Until May 3, the international exhibition 'Artistic Intelligence' will be held at the 'Riga Stock Exchange' museum, dedicated to the interaction of indigenous knowledge, craftsmanship, and modern design, as well as the search for sustainable opportunities for the future in the fashion and textile industry.
The exhibition in Riga is one of the stops on the European tour of the project, and it can be visited alongside the exhibition 'The Snow is Melting. Japanese Art.' which is taking place in the Great Hall of the museum. The exhibition 'Artistic Intelligence' is the result of an international research residency implemented by the organization KNOTTO in collaboration with the European Union Pavilion at 'Expo 2025' in Osaka as part of the World Expo. Five artists, designers, and craftsmen from different European countries were selected through an open competition and spent a month in Japan, working with Japanese masters and creating joint research projects based on various cultural experiences.

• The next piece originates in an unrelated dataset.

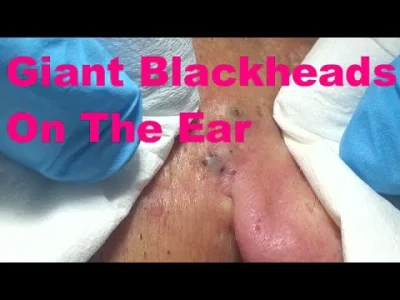 Lord_Hunter - fuuu co mnie podkusiło aby oglądać blackhead popping....

SPOILER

The project addresses the question: how can ancestral knowledge help the modern fashion and textile industry? The exhibition emphasizes that traditional crafts are inherently sustainable. They are based on natural resources, manual labor, skill transmission, and long-term quality. Unlike short-term consumption, crafts remind us of values where not only the final result matters, but also the process of creation, the origin of materials, and the person applying this knowledge.

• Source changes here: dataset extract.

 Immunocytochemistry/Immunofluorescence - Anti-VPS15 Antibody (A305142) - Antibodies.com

The title 'Artistic Intelligence' was chosen as a call to recognize the fragility and importance of manual labor, skills, and the people who preserve them. The project highlights that many craft traditions are currently at a critical moment: as masters age and the transmission of specialized skills declines, both the existence of individual crafts and the entire chain of interconnected knowledge are at risk.
The exhibition presents five stories of intercultural collaboration between European and Japanese creative professionals. Each of these projects highlights different approaches to craftsmanship – from silk weaving to ikebana, from socially responsible production to material recycling. At the same time, they all affirm that craftsmanship is not just a legacy of the past, but a living, evolving, and contemporary practice capable of creating new dialogues between cultures, generations, and ways of thinking.